Parfois, je devenais paranoïaque et j’arrêtais pendant quelques mois. Mais ça a vraiment décollé en deuxième année, quand j'ai emménagé dans la fraternité. Les affaires marchaient bien. Quand vous êtes dans une fraternité, vous côtoyez beaucoup de gamins paresseux et friqués.

Il y avait aussi ce qu’on appelait des « fichiers de tests », qui se trouvaient souvent dans les sororités, parce que les filles étaient tout simplement mieux organisées que les mecs. Il y avait des dossiers avec le nom de la classe et de l'enseignant, et les gens y mettaient leurs vieux trucs à la fin du semestre. Parfois, il y avait des documents et parfois, il y avait des tests – si vous étiez dans une grande école, vous saviez que les enseignants recyclent généralement leurs cours année après année. Il y avait un cours de droit des médias qui était assez costaud. Quelqu'un a mis tout son carnet de notes, et l'année suivante, les notes étaient exactement les mêmes.

« Pour certains, c'était la seule chance d’avoir leur diplôme »

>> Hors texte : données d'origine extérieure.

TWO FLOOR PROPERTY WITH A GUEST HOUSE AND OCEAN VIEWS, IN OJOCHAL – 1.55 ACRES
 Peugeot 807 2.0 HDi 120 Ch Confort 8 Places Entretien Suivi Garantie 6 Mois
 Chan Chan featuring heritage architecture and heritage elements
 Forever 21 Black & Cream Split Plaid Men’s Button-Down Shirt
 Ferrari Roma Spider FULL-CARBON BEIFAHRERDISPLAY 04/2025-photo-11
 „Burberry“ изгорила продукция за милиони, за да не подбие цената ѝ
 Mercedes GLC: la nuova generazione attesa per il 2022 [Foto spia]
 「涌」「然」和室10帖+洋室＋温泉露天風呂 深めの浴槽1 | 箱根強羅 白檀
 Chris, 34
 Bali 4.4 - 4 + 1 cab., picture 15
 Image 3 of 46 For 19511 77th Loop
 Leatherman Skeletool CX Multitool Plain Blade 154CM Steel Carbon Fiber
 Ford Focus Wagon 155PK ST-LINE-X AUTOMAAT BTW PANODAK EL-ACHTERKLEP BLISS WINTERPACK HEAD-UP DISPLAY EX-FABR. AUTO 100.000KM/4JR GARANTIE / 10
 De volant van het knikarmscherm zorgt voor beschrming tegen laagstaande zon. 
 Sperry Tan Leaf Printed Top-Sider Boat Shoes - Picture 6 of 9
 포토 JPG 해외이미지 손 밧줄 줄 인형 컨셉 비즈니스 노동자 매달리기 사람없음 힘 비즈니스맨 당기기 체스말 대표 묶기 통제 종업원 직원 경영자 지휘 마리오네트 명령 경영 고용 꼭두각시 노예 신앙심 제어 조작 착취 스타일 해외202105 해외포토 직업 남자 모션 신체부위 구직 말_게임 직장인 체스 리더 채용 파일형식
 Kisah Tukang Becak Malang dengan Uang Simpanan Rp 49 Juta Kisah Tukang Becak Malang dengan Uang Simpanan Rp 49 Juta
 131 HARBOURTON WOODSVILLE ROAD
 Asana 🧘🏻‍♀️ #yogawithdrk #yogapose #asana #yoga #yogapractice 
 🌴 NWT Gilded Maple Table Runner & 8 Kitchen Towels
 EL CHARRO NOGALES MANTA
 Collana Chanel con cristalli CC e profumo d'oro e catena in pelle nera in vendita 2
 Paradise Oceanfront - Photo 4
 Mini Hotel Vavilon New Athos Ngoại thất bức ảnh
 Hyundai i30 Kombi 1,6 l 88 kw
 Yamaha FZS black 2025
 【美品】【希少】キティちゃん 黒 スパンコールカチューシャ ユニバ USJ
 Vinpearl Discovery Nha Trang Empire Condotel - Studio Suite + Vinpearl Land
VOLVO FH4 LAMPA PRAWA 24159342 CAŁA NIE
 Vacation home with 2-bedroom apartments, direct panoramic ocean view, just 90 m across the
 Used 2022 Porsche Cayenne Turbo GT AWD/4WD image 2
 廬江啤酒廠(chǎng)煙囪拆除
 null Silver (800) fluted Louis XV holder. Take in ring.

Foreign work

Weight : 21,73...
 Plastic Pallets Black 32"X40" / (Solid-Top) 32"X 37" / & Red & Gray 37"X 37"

En tant que professeur au lycée, je sais que mes élèves trichent parfois. Pendant les vacances de Thanksgiving, je leur ai donné un QCM. Trois d'entre eux sont revenus avec les mêmes trois réponses erronées. Et je sais qu'ils sont amis. Il est clair qu'ils ont tous les trois partagé leurs réponses, mais il faut parfois décider si cela vaut la peine de les interpeller à ce sujet. J'ai décidé de ne pas les pénaliser, même si je leur en ai parlé. C’est avant tout une question de coûts-avantages. Vous êtes ici pour recevoir une éducation, et si vous choisissez de ne pas le faire, c'est de votre faute.

Quand je repense aux gens que j'ai aidés à tricher à l'université, je me dis que c'était leur faute. Mais pour certains, c'était la seule chance d’avoir leur diplôme. S'ils n'avaient pas rendu ce devoir, ils auraient dû suivre un autre semestre de cours et payer de nouveaux frais de scolarité. Parfois, une personne m'a payé 100 dollars pour en faire économiser 10 000 à ses parents. C'était probablement la bonne décision à prendre à ce moment-là. Je me dis aussi que si je ne l'avais pas fait, quelqu'un d'autre l'aurait fait pour eux. Je ne me sens pas mal à ce sujet. Mais alors vraiment pas.